Hey all. In the final construction phase of my dedicated media room and i've come to a point of second guessing myself. Originally due to the drop down 106" non AT screen a decision was made to NOT use a center channel. The thought was the excellent directivity of the main left and right speakers and the 14+ feet listening/viewing distance would allow for a phantom setup. That and the only place to put a dedicated center was above the screen and only about 2" from the ceiling(ooouuuuch!). The poor placement seems like too much of a tradeoff but now i've heard something very interesting........

When 'Phantom" center mode is used on DD 5.1 encoded material, dynamic compression is automatically switched to on.....?

Does anyone know if this is true or not?


----------



## Kal Rubinson (Aug 3, 2006)

It is true for some devices. Get an AT screen.


----------



## mayhem13 (Feb 2, 2008)

With that knowledge,i'll go ahed and DIY a custom center channel for above the screen as my only mounting option......better than dynamic compression activation. Thanx Kal

As to the AT screen, it has to be drop down and the only AT drop downs are currently out of my budget and nearly impossible DIY. I explored this option thoroughly and realized it's just not feasable at this time.......but again thanx again. 

Kal, if you have the time pls examine the soundstage pic and give me some feedback on potential problems of mounting the center above the screen. Thanx in advance. I'm probobly going to have to go this route and accept or minimize any tradeoffs during the design phase.










The opening is 31" wide, 5" tall and 7" available depth with the overall soffit/baffle width of 11".


----------



## Kal Rubinson (Aug 3, 2006)

mayhem13 said:


> With that knowledge,i'll go ahed and DIY a custom center channel for above the screen as my only mounting option......better than dynamic compression activation. Thanx Kal


The compression is also specific to certain audio formats and, I must admit, I am not up on this issue as I always use a center channel.



> As to the AT screen, it has to be drop down and the only AT drop downs are currently out of my budget and nearly impossible DIY. I explored this option thoroughly and realized it's just not feasable at this time.......but again thanx again.

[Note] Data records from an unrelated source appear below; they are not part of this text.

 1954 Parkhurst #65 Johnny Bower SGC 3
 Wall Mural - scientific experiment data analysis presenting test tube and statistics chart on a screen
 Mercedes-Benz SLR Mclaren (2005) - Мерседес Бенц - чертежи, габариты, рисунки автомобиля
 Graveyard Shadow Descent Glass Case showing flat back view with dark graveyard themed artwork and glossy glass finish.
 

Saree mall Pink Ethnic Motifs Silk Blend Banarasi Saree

Another alternative is a smaller screen. :T



> Kal, if you have the time pls examine the soundstage pic and give me some feedback on potential problems of mounting the center above the screen. Thanx in advance. I'm probobly going to have to go this route and accept or minimize any tradeoffs during the design phase.

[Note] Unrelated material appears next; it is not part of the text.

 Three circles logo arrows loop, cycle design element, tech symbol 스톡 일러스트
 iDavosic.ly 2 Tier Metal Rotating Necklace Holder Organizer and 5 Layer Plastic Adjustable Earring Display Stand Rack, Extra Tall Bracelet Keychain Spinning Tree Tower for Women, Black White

I am not of much use here as I use full-size, matching, floor-standing speakers for LCR. However, I would advise you to incorporate some facility to tilt/aim that center speaker at the ears of the central listening position.


----------



## lsiberian (Mar 24, 2009)

The best center channel driver is a Loki coaxial kit. If you want I can put you in touch with a guy who is an expert on the driver. He built a TL design that is incredible. Just pm me.


----------



## Home Theater Guy (Jul 18, 2009)

mayhem13 said:


> Hey all. In the final construction phase of my dedicated media room and i've come to a point of second guessing myself. Originally due to the drop down 106" non AT screen a decision was made to NOT use a center channel. The thought was the excellent directivity of the main left and right speakers and the 14+ feet listening/viewing distance would allow for a phantom setup. That and the only place to put a dedicated center was above the screen and only about 2" from the ceiling(ooouuuuch!). The poor placement seems like too much of a tradeoff but now i've heard something very interesting........
> 
> When 'Phantom" center mode is used on DD 5.1 encoded material, dynamic compression is automatically switched to on.....?
> 
> Does anyone know if this is true or not?

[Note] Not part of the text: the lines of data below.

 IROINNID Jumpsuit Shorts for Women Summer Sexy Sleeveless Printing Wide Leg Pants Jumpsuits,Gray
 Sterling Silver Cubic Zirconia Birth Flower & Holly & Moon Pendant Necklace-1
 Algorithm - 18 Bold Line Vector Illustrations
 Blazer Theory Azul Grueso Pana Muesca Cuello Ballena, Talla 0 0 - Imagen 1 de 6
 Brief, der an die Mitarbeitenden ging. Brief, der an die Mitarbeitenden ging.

Whether it is true or not, please do not go with a phantom center setup. If anyone sits to the left or right of dead center, they're going to have the soundstage collapse into the left or right speaker. You're going through all the trouble and expense of building what looks to be an awesome home theater, and the sound will be a huge disappointment in the end.

If you go ahead with putting a center speaker above the screen, you should seriously consider putting all three front channels up there. It will go a long way toward making your front soundstage more seamless.

Keep in mind too that the speakers need not be mounted inside the soffit. For example, you can mount three identical center speakers (because of their horizontal configuration) directly to the face of the soffit, angled down toward the listening area. If you want to hide them, you can install some framework and stretch acoustically transparent fabric to cover them.


----------